For more information on EV Compensation, just Google it. If you have any questions about how to adjust it on your camera, it should be covered in your user's manual.
Do not touch the "auto" button! :))) it always ruins everything. I mean if you click auto button and get noise, it is pretty expected.
Almost every change you make creates noise but it is barely visible most of the times. Maybe you can mail me the raw file and processed jpeg, so that I can see what's going on and help you with an exact solution :)
Thanks for the great info on RAW noise reduction everybody! I try to shoot the best exposure possible to keep from having to boost the exposure in Camera Raw and I usually only bump the Luminance up to +10. That one small adjustment to Luminance can make such a huge difference in the noise.
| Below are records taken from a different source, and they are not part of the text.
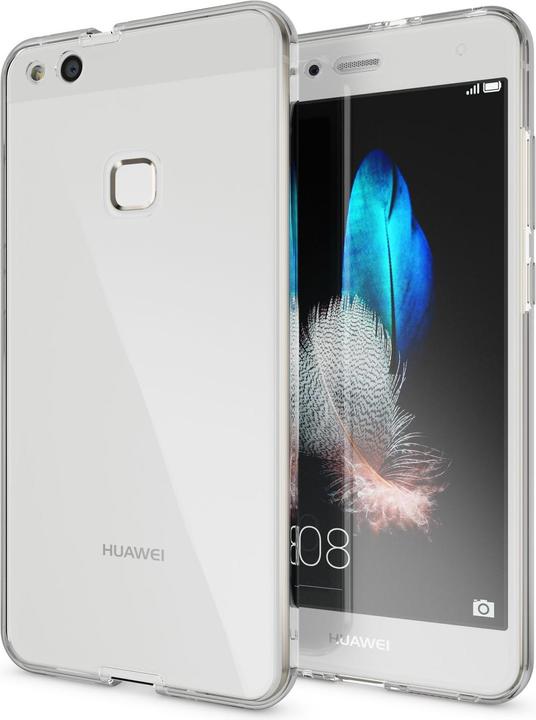 Produktbild Nalia 360 Grad Handyhülle (Huawei P10 Lite)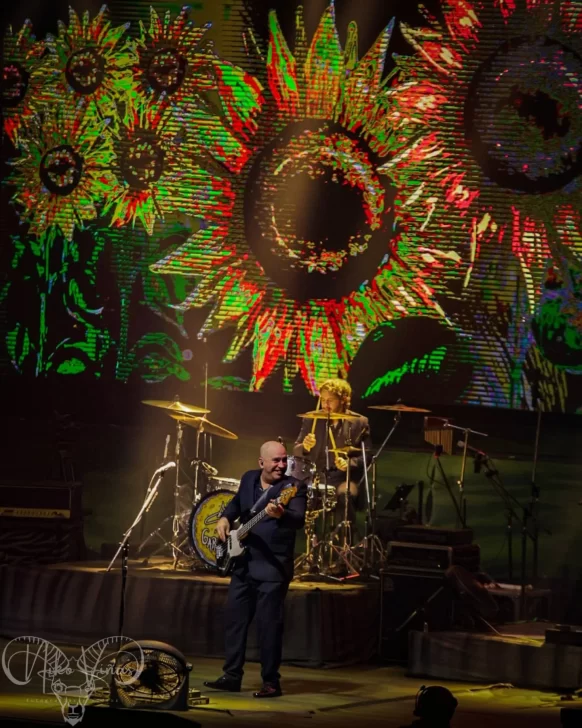 525741680_18016794752754898_3708434464923128356_n-582x728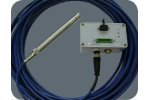 iQuest - iLevel SDI-12 - Absolute Water Level Sensor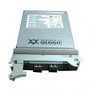 SUN Fibre Channel Express Module HBA - 375-3384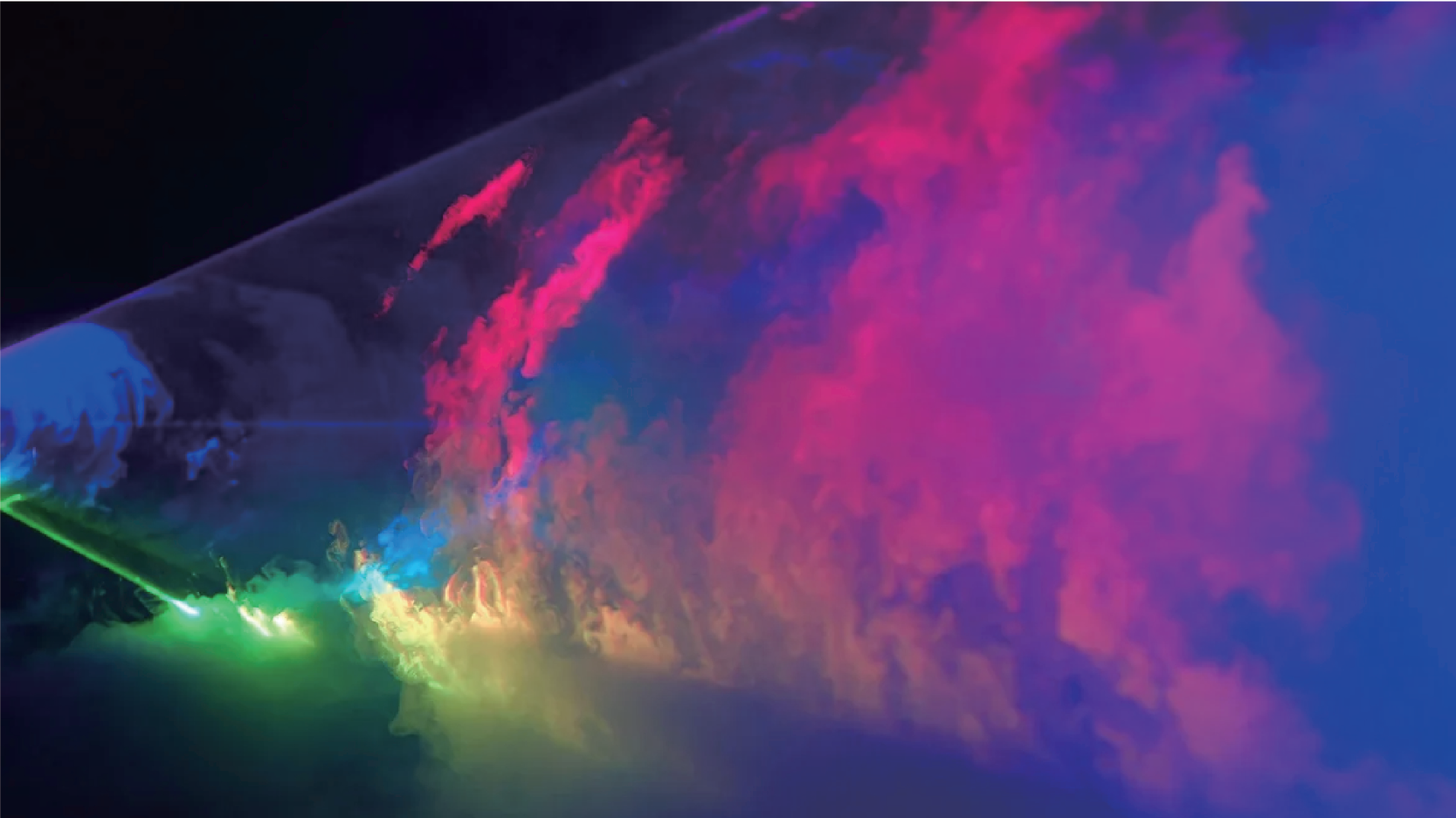 生日拉旗/世界杯/生日蛋糕插件/蛋糕插件/彩旗细节图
I think the trick with Camera Raw is to not go overboard on any of the adjustments.
I have noiseless shots processed at +80 fill light, +100 contrast and -2 Exposure, lots of curves playing and +80 sharpening and only 10-15 luminance NR. If you know how to handle the information buried in RAW, you can create very interesting combinations.
I don't think +10 luminance will create that much of noise. There must be something different...did you check the raw settings. It is right under the preview image, a blue underlined line. It generally says "16 bit 240dpi 12mp Adobe RGB" etc etc bla bla...click on it and check the "sharpening" setting.
Parkinsonsniper, sorry, I wasn't explaining myself well in my previous post. What I meant when I said the +10 in Luminance makes a huge difference in the noise is that it makes huge difference in a good way!! That's all it takes to remove all the noise in a clear blue sky, for example :-) And now I am going to try the settings you posted and see what that does. Thanks!
I don't think Mike's having the same problems I've been having. From what I'm reading, he's simply saying that using the right adjustments can take care of the noise problems. In his experience, small adjustments are all that are needed.
I must say that this thread has become very helpful and interesting. I've tried your various suggestions, and the images are looking much better than they were before. The problems I was seeing seemed to have been introduced by a combination of the "Auto" features (primarily the exposure being brought up) and a large amount of default sharpening. By only bringing up the exposure and brightness a bit, reducing the amount of sharpening, and adding the luminance noise reduction has GREATLY reduced the problems that I was seeing. On the rather problematic images, I definitely need more than the +10 luminance that Mike mentions, and I sometimes still need to also do selective noise reduction in the image with Photoshop's other tools. However, these last steps are not needed on most images.
Thanks to all of you for giving some great tips on how to use the Camera Raw tool much more effectively than what I was doing.